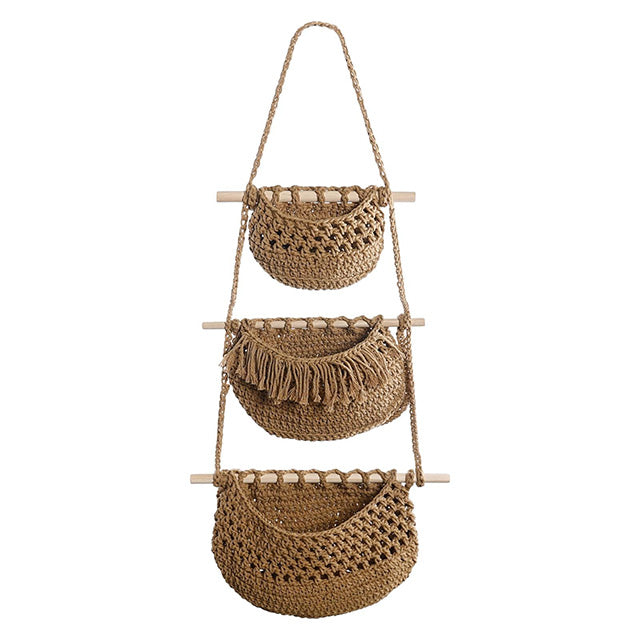 Macrame Hanging Basket – Boho Fruit & Vegetable Storage Basket And Kitchen Organizer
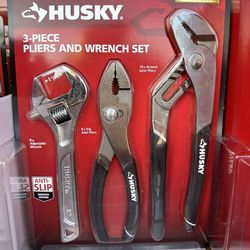 Brand New HUSKY 3-PIECE PLIERS AND WRENCH SET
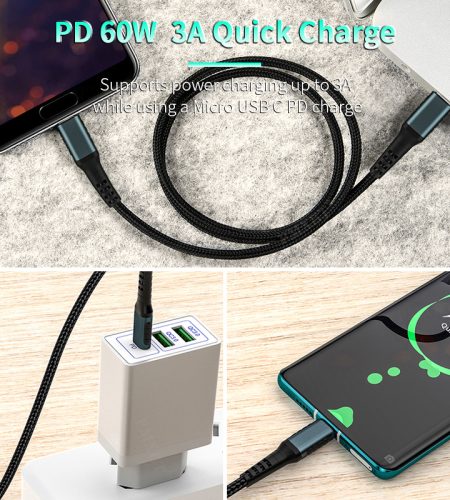 Type C To Micro Usb Charging Cable Data  Cable, Pd Fast Charge Data Transfer With Otg Function Compatible For Macbook Samsung Xiaomi blue Type-C vs. Micro - Image 2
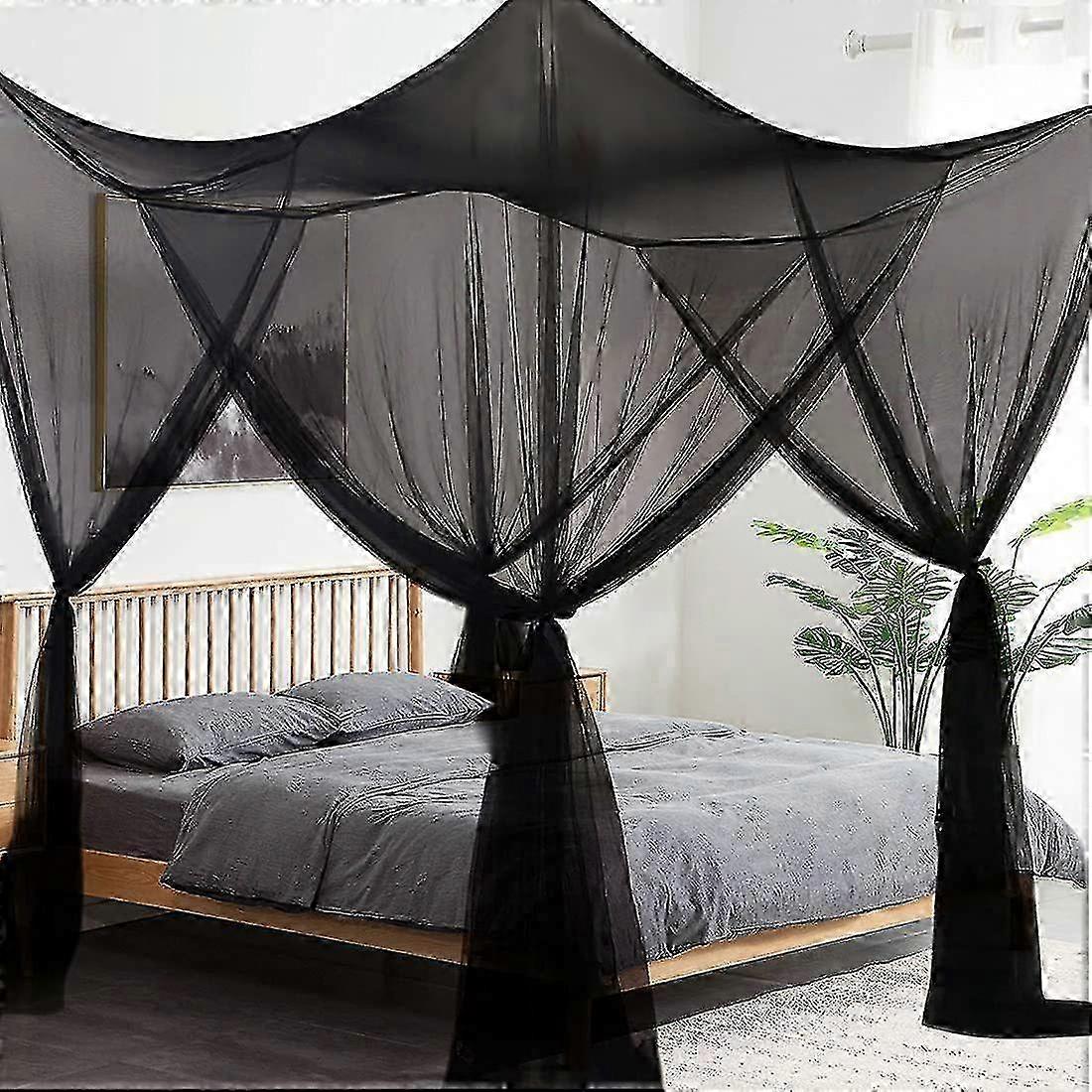 4 Corner Posts Curtains Bed Canopy Large Mosquito Net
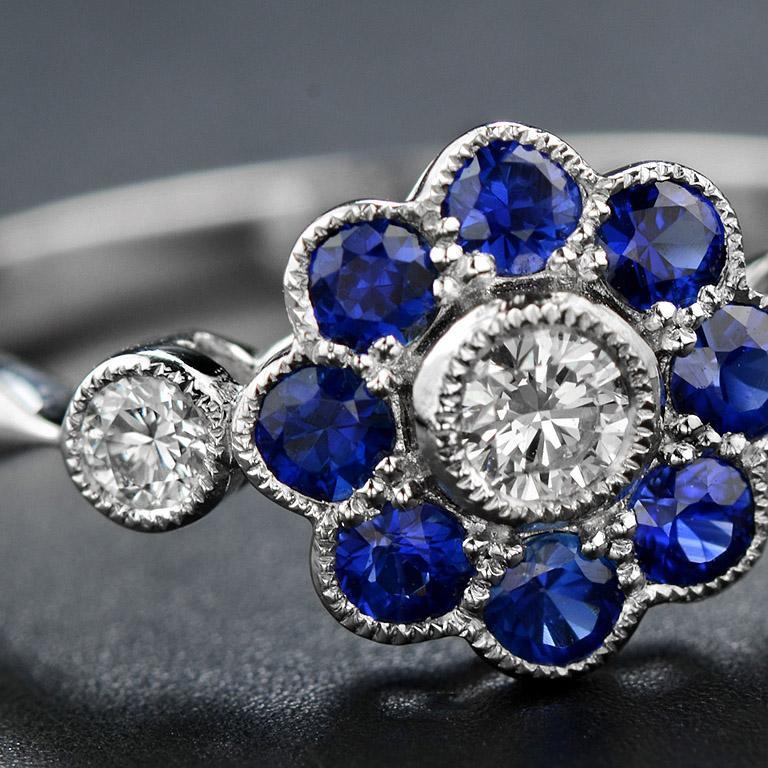 For Sale:  Fleur Daisy Natural Blue Sapphire with Diamond Ring in White Gold 18K 7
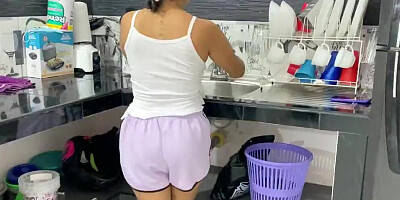 My stepmom fucks my small pussy in the kitchen while she washes the slab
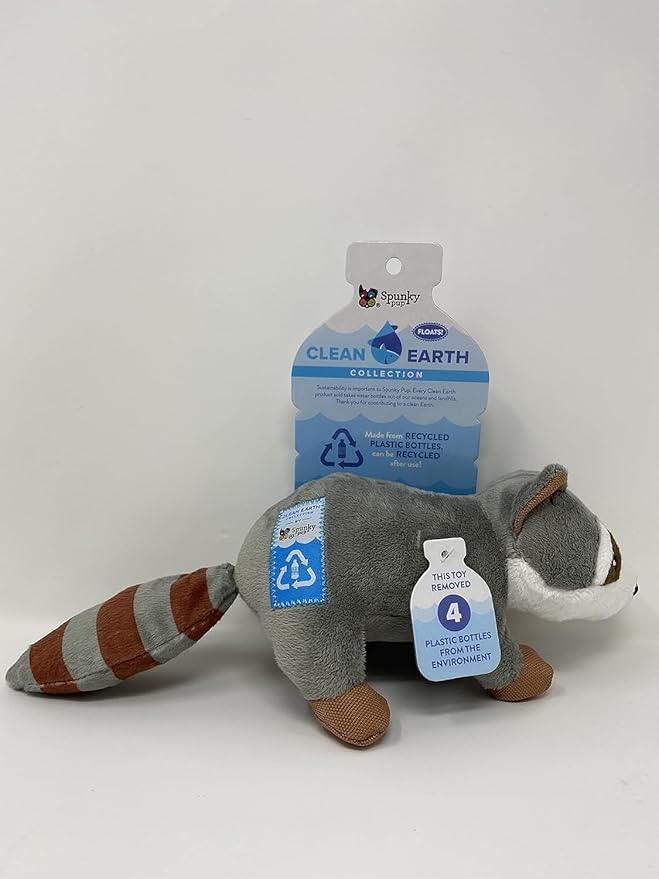 Spunky Pup Clean Earth Plush Raccoon | Made from 100% Recycled Water Bottles | Small,Gray,7261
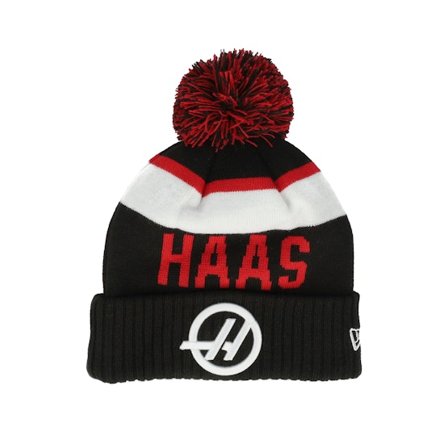 New Era - Motor Schwarz pom Mütze - Haas F1 25 Sport Beanie Black Cuff @ Hatstore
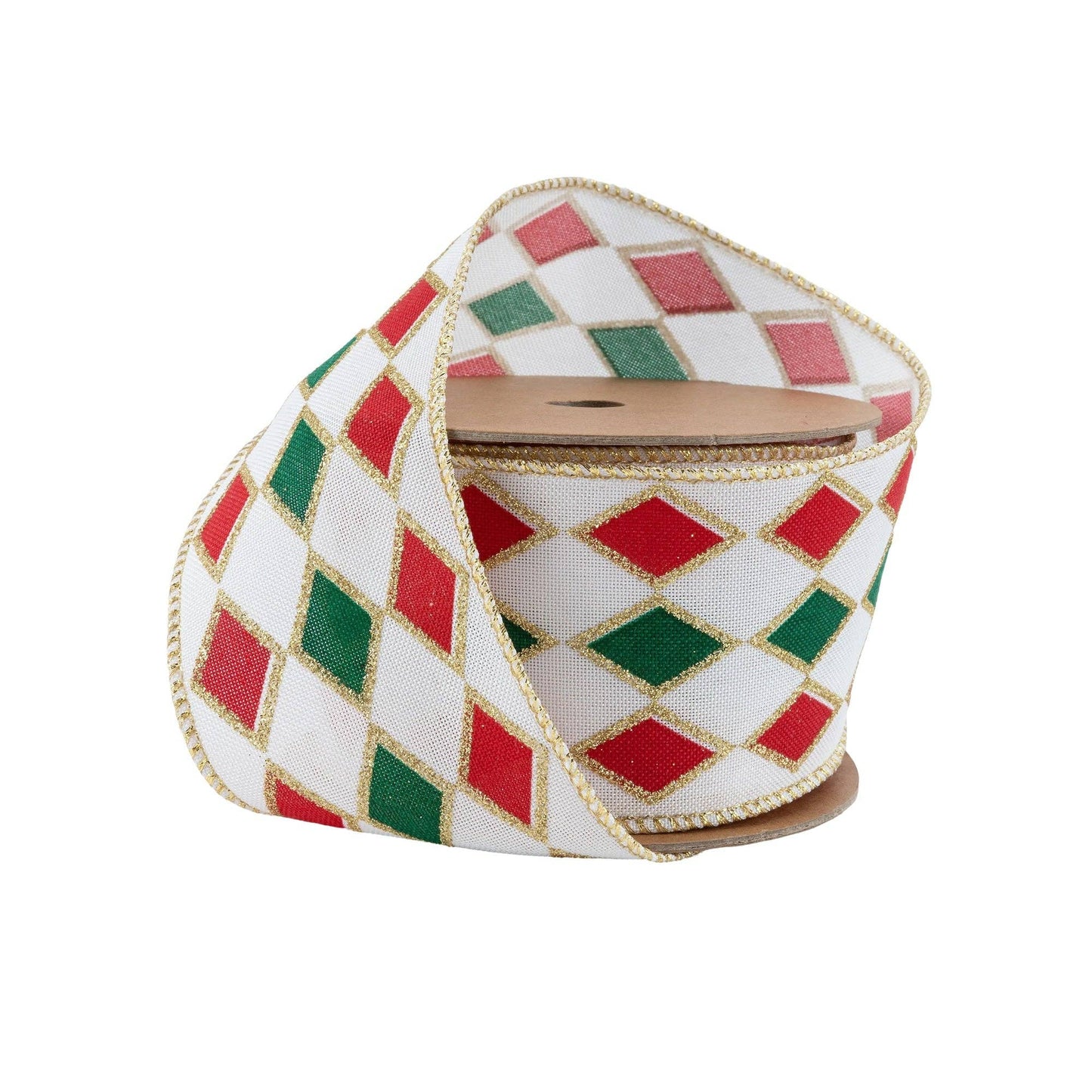 Red and Green Diamond Glitter Wired Ribbon 10yd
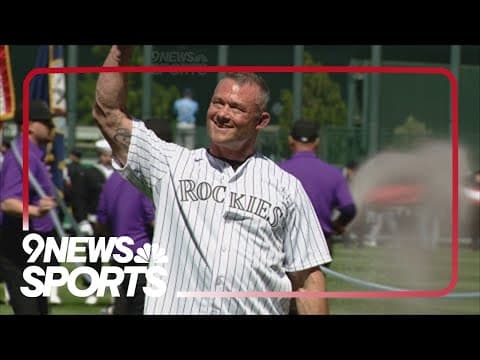 Officer who lost leg in Nuggets parade throws out Rockies first pitch
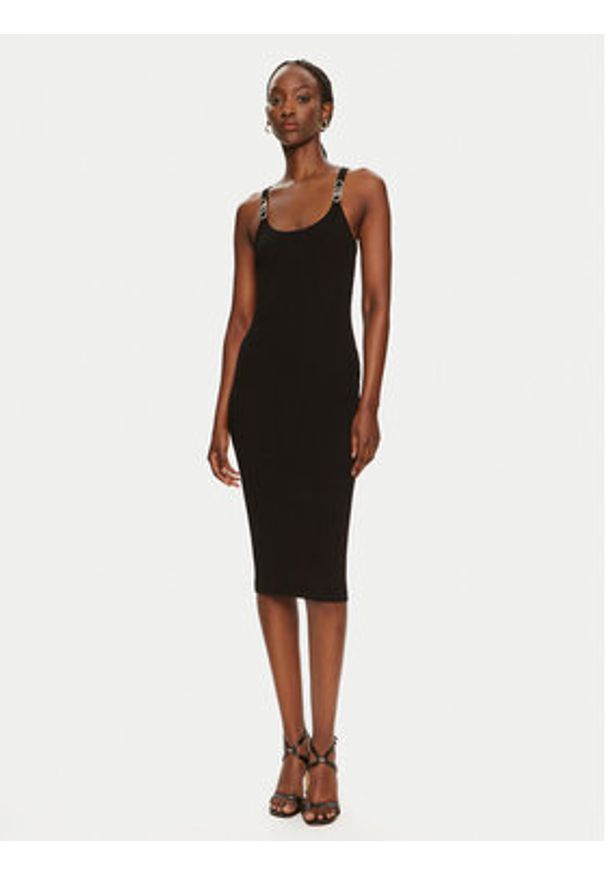 MICHAEL Michael Kors Sukienka dzianinowa MT482IL33D Czarny Slim Fit. Kolor: czarny. Materiał: wiskoza
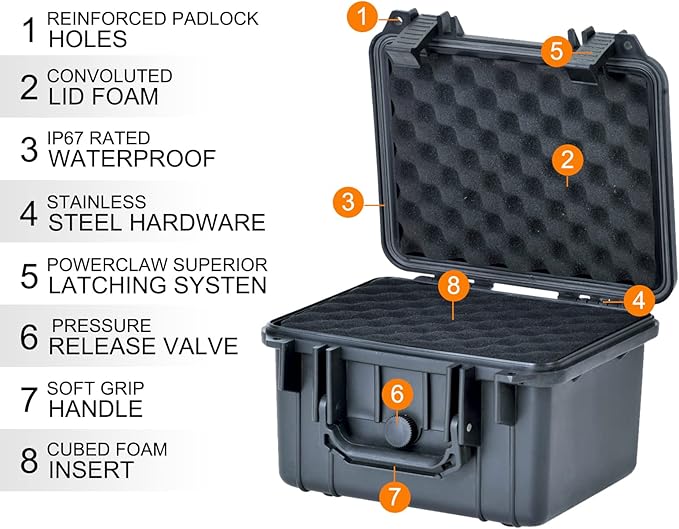 MEIJIA Portable All Weather Waterproof Camera Case With Foam,Fit Use of Drones,Camera,Equipments,Elegant Black,10.62 x9.68x6.87inches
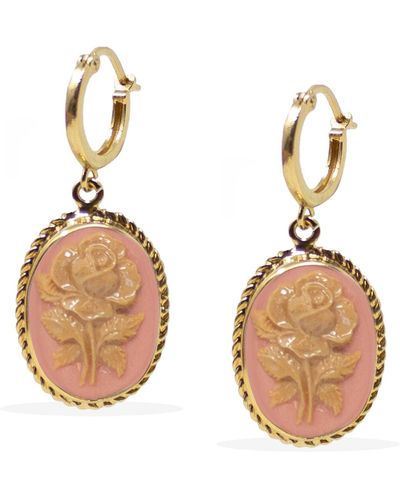 Vintouch Italy Gold-plated Pink Rose Cameo Hoop Earrings - Metallic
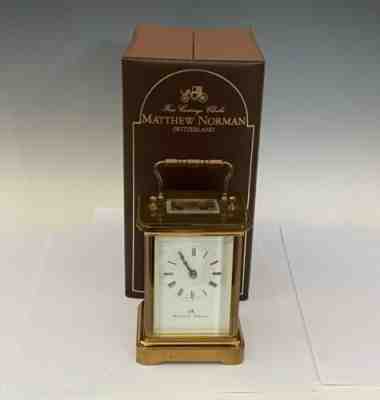 Matthew Norman 1754 CC Carriage Clock 11 Jewels Original Box w Paperwork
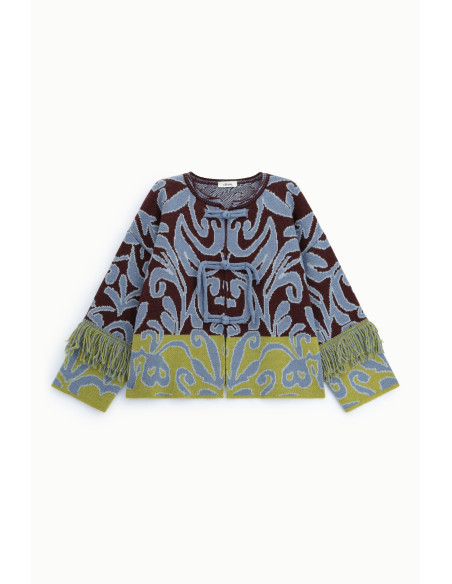 Jacquardvest met franjes en knoopsluiting Dixie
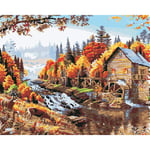 LUOYCXI DIY digital painting adult kit canvas painting bedroom living room decoration painting landscape riverside cottage-50X50CM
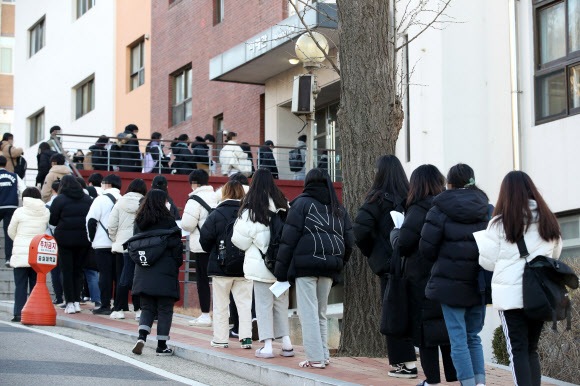 논술 고사장으로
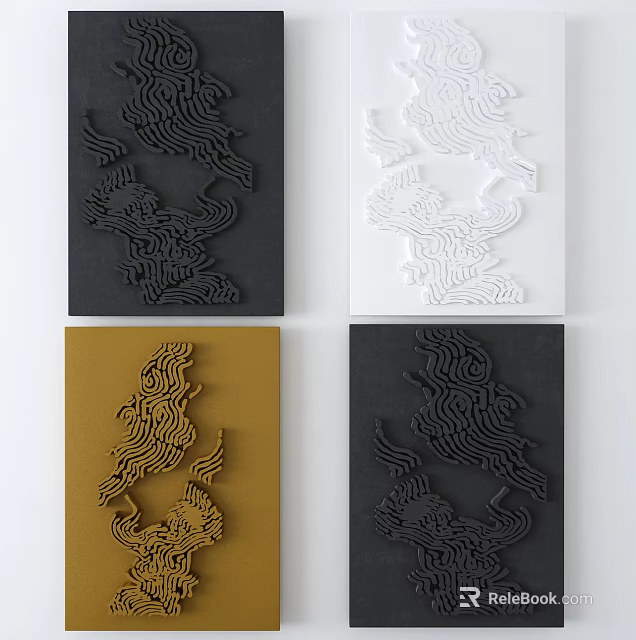 Modern Abstract Wall Decor With Multiple Color Square Panels And Line Patterns 3d model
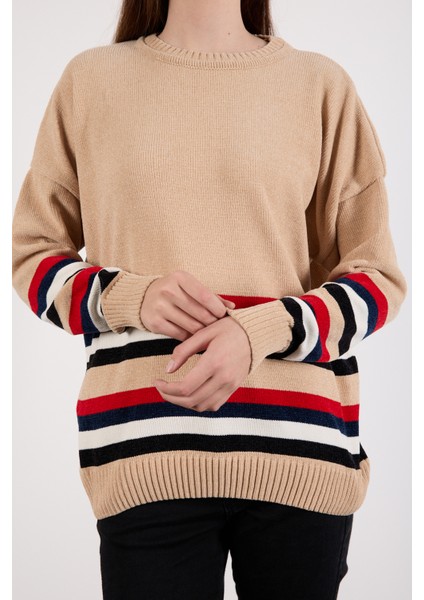 Kadın Açık Bej Çizgili Bisiklet Yaka Şönil Kadife Triko Kazak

▬▬▬

*Prompt*: Print exactly the lines above that run from the one with "Brand New HUSKY" to the one with "4 Corner Posts", both included. No pictures.

*Output below*:
 Brand New HUSKY 3-PIECE PLIERS AND WRENCH SET
 Type C To Micro Usb Charging Cable Data  Cable, Pd Fast Charge Data Transfer With Otg Function Compatible For Macbook Samsung Xiaomi blue Type-C vs. Micro - Image 2
 4 Corner Posts Curtains Bed Canopy Large Mosquito Net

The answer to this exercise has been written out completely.